You start thinking you’ve gotta be at that level before you even get started and that’s where most people tap out. She didn’t do that. She already knew it was going to be slower, more of a grind, probably a lot less pretty than what people post online. Instead of trying to close that gap, she just accepted it and kept moving. That right there eliminates a ton of unnecessary friction. Now you’re not chasing some invisible standard. You’re just doing the thing.

And this isn’t about hiking. That part’s almost irrelevant. This is the same pattern people fall into with anything they want to do. Get in shape, start a business, learn something new… doesn’t matter. They look at someone who’s ten steps ahead, decide they’re not there yet, and then sit on the sidelines like that’s a reasonable move. It’s not.
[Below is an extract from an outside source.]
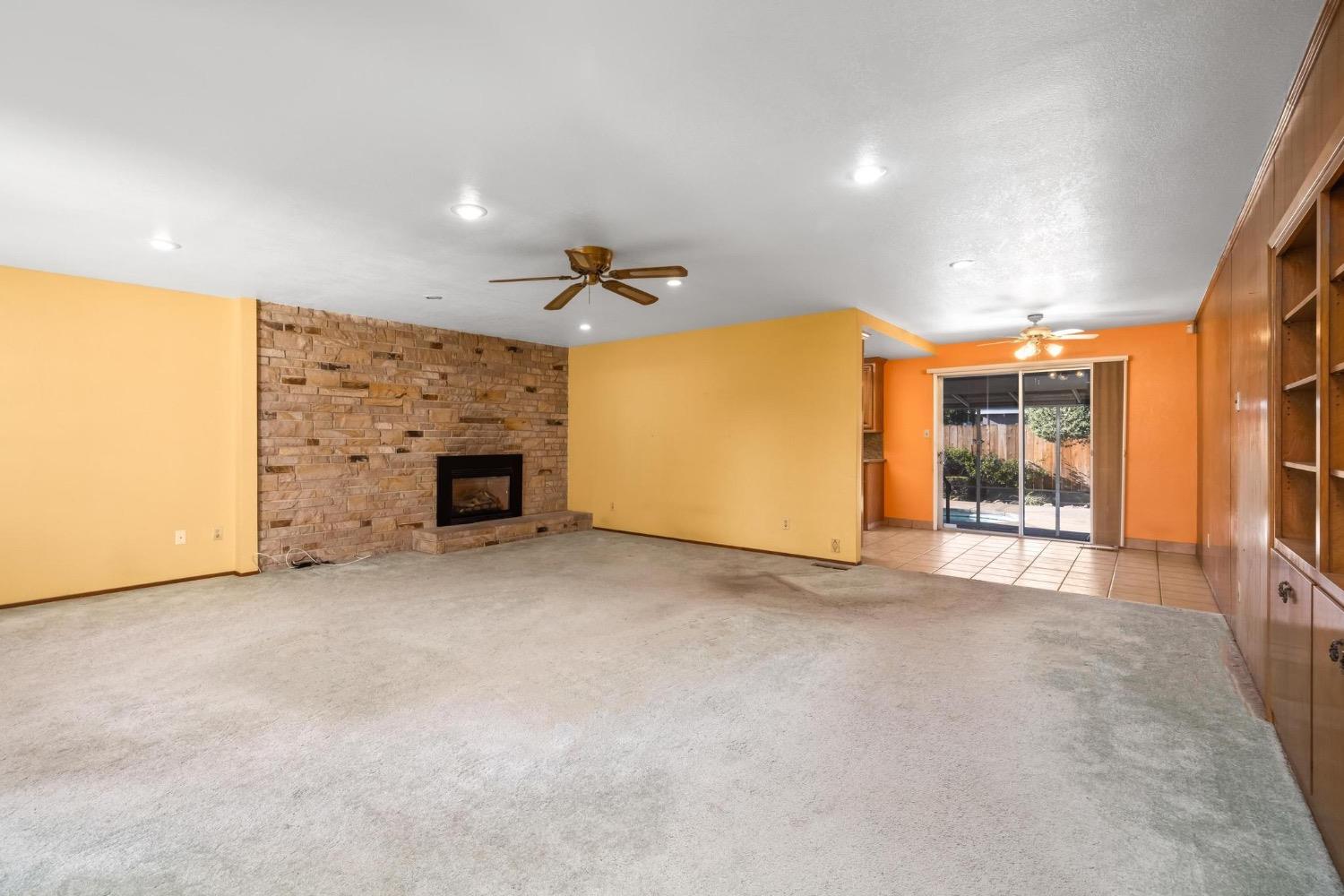 2101 W Walnut Street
The other part that stood out was how she talked about the mental side of it. That’s always where this stuff lives. It’s not the trail that stops people. It’s the conversation they have with themselves before they even get going. All the little negotiations and excuses that sound completely logical in the moment.

Once she got moving, that didn’t magically disappear. It just stopped being in control. She kept going on the days that sucked, which is where most people fall off. Not because they can’t handle it, but because they’re not used to pushing through that initial resistance. Do that enough times and something shifts. You stop questioning whether you’ll keep going and just… keep going.

That’s a different level of confidence. Then there’s the part where reality shows up. She originally wanted to do the whole trail. Big goal, sounds great, makes for a nice story. But at the pace she was moving, that wasn’t lining up.

A lot of people hit that moment and it turns into this whole internal meltdown. Feels like failure, like something went wrong. She didn’t go down that road. She tightened the scope and focused on something she could actually follow through on without dragging the weight of the entire trail behind her.

That made it more enjoyable, which probably sounds obvious, but most people completely ignore that part. They set these massive goals and then build an experience around them that’s miserable to go through. Of course they quit.

She didn’t try to force it into something it wasn’t. She adjusted, kept moving, and let it be what it was. That’s why it worked. Way to go Laura. You've got a new fan and subscriber.